**PROBLEM**
Print out the entries from the line containing "Little_Chips: Halloween photos" through the last line, exactly, and print nothing else. Pictures are not copied.
= = = =
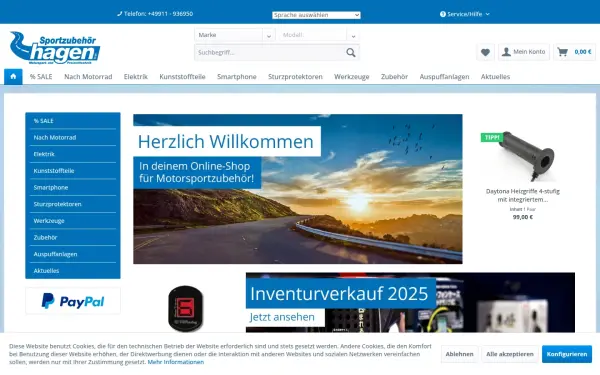 www.hagenmotorsport.de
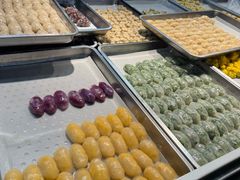-老潮兴粿品(龙北店)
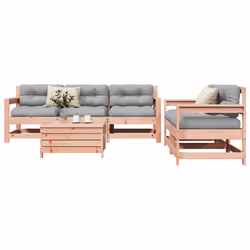 VidaXL 3250822 outdoor furniture set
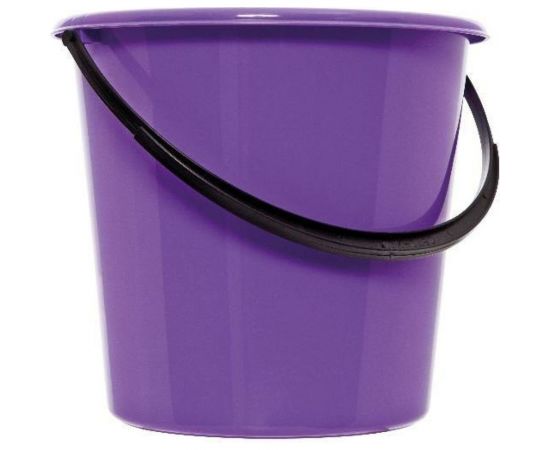 Ведро ПОЛИМЕРБЫТ 7л 4307900 – изображение 2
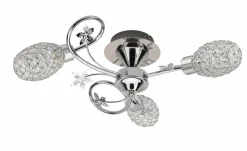 Lampa sufitowa BELLA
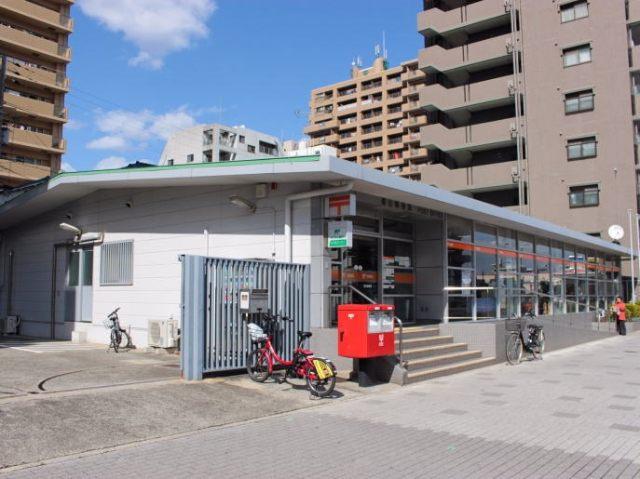 郵便局
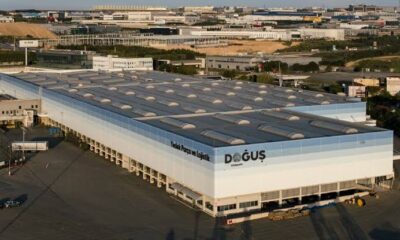 Şahenk, oto şarj işine giriyor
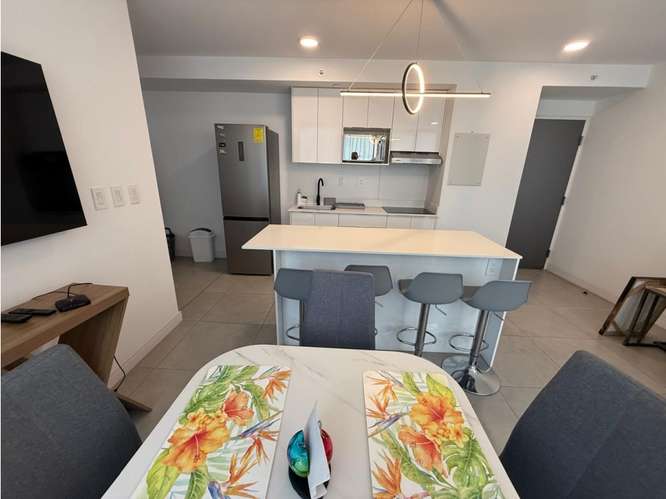 SE ALQUILA  APARTAMENTO, SAN JOSÉ, ROHRMOSER,TODO INCLUIDO. - Imagen 8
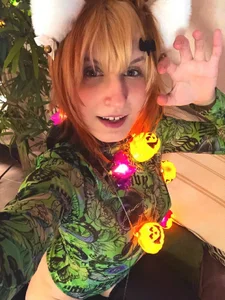 Little_Chips: Halloween photos ∋━━o(｀∀´oメ）～→ ( фото)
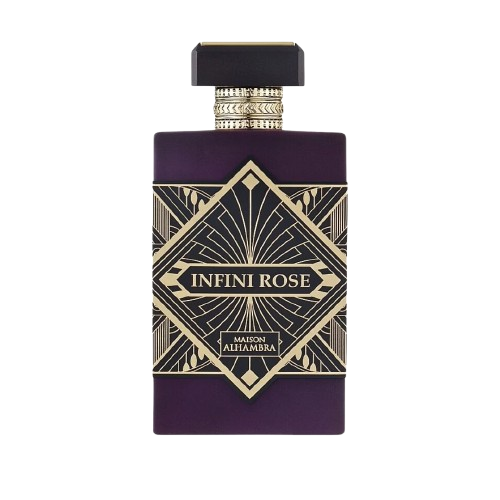 Infini Rose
= = = =
**EXERCISE RESPONSE**
 Little_Chips: Halloween photos ∋━━o(｀∀´oメ）～→ ( фото)
 Infini Rose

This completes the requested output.